Where the line containing "Spooky Forest Landscape" appears in the entries below, start there and print only that line and every line after it, exactly, through the end, excluding pictures.

╔══

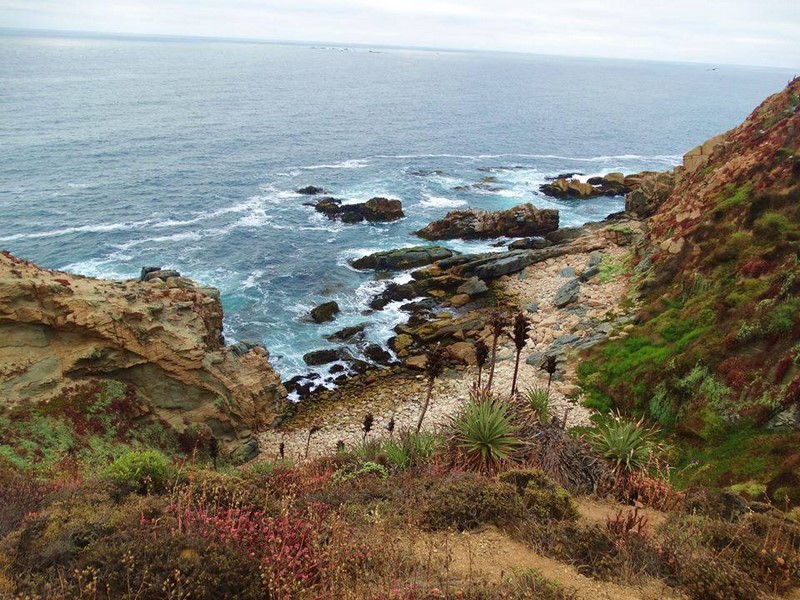 Fotografía 10 de Cabañas y Camping playa Caucau en Puchuncavi, Valparaiso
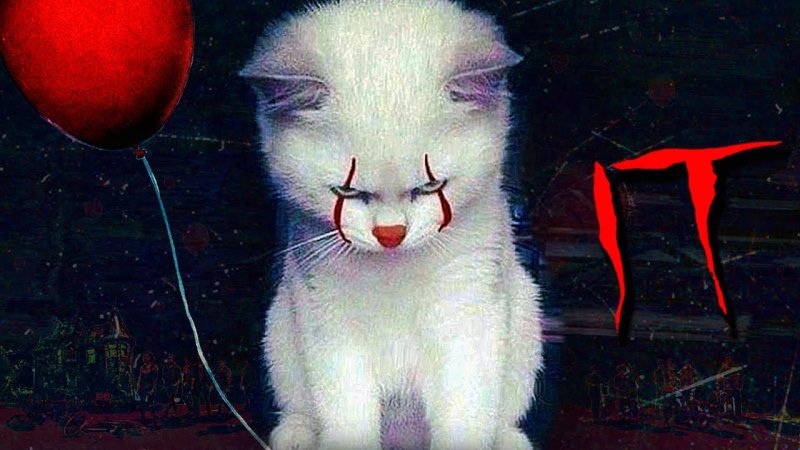 Котик клоун оно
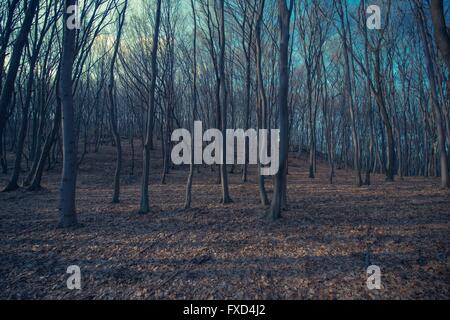 Spooky Forest Landscape Nature Background. Late Fall Forest Scenery. Stock Photo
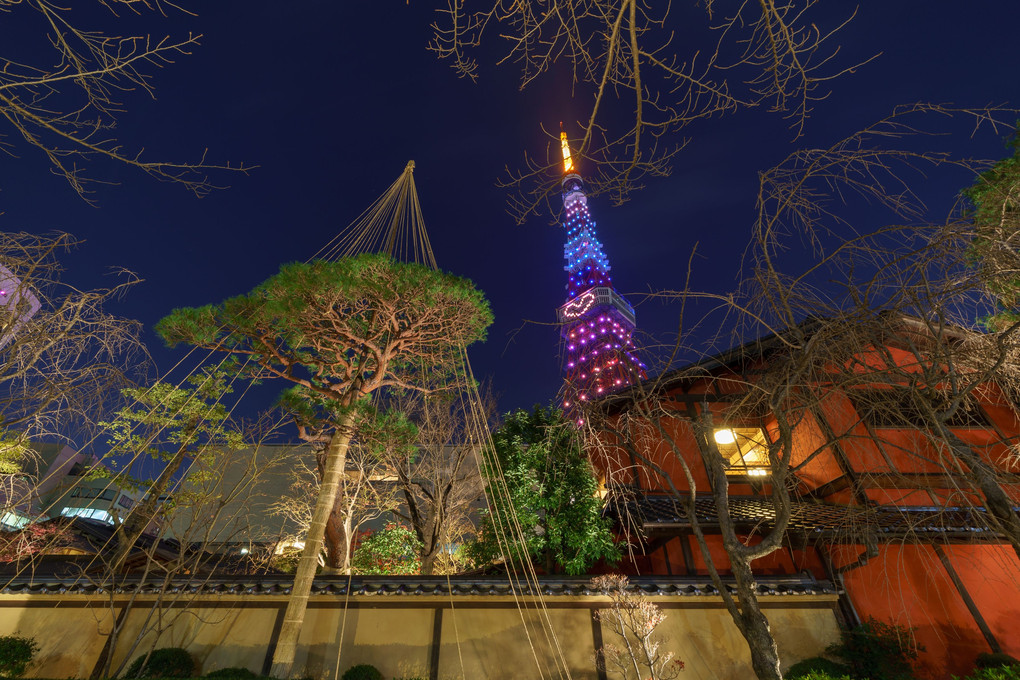 クリスマスのライトアップ　～東京タワー　
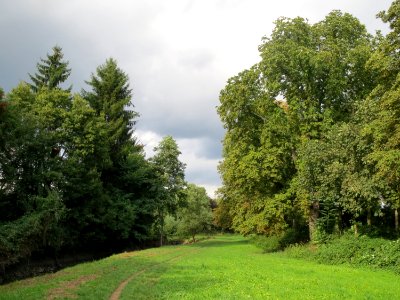 20130910Nonnenbach_Speyer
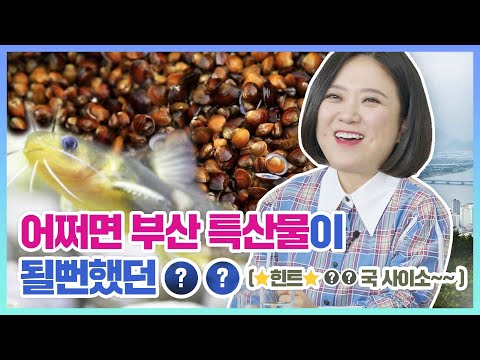 어쩌면 부산의 특산물이 될 뻔했던 OO!! I 김숙 미션임파水블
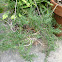 Rosemary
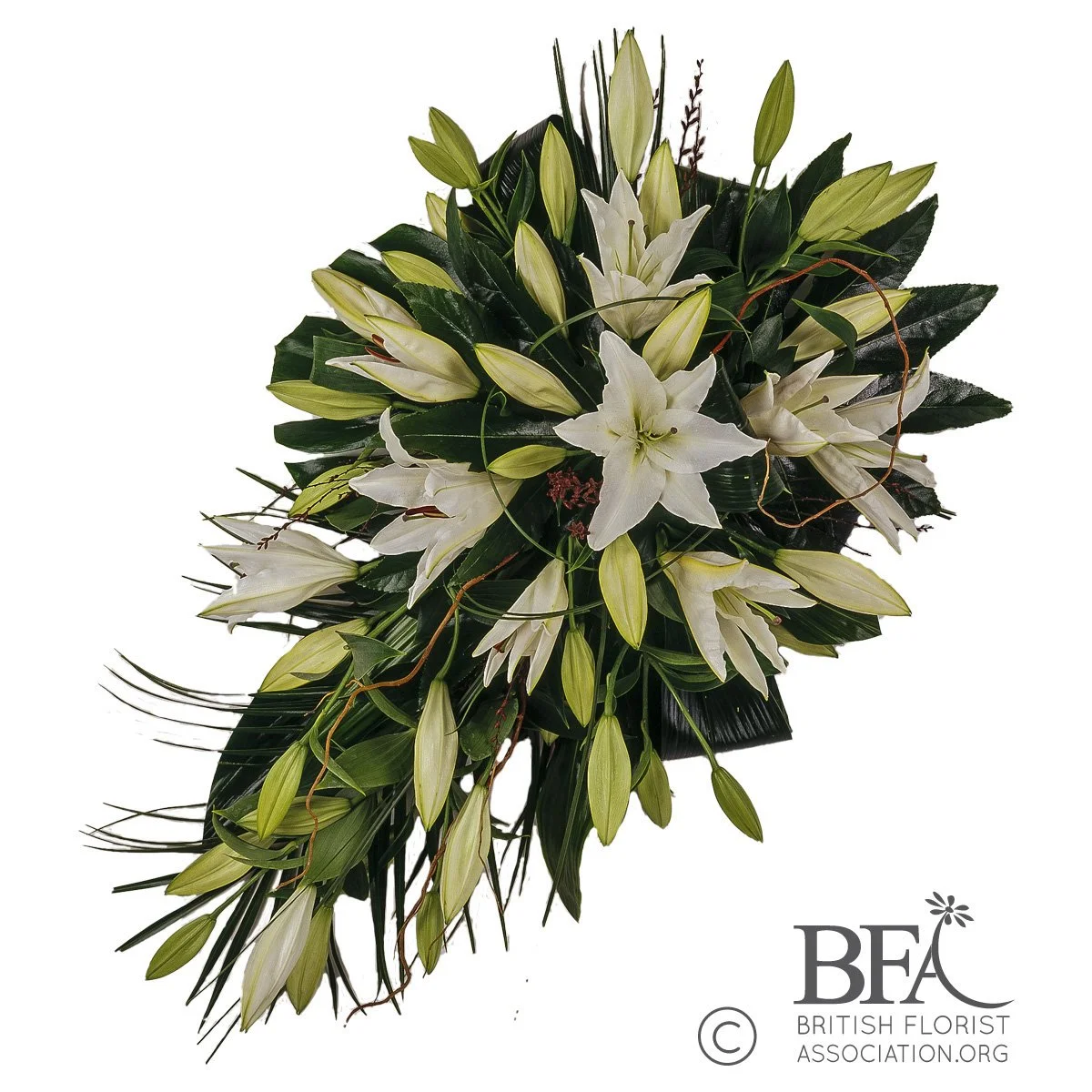 oriental-lilies-flowers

╚══

## [Response to this task]
 Spooky Forest Landscape Nature Background. Late Fall Forest Scenery. Stock Photo
 クリスマスのライトアップ　～東京タワー　
 20130910Nonnenbach_Speyer
 어쩌면 부산의 특산물이 될 뻔했던 OO!! I 김숙 미션임파水블
 Rosemary
 oriental-lilies-flowers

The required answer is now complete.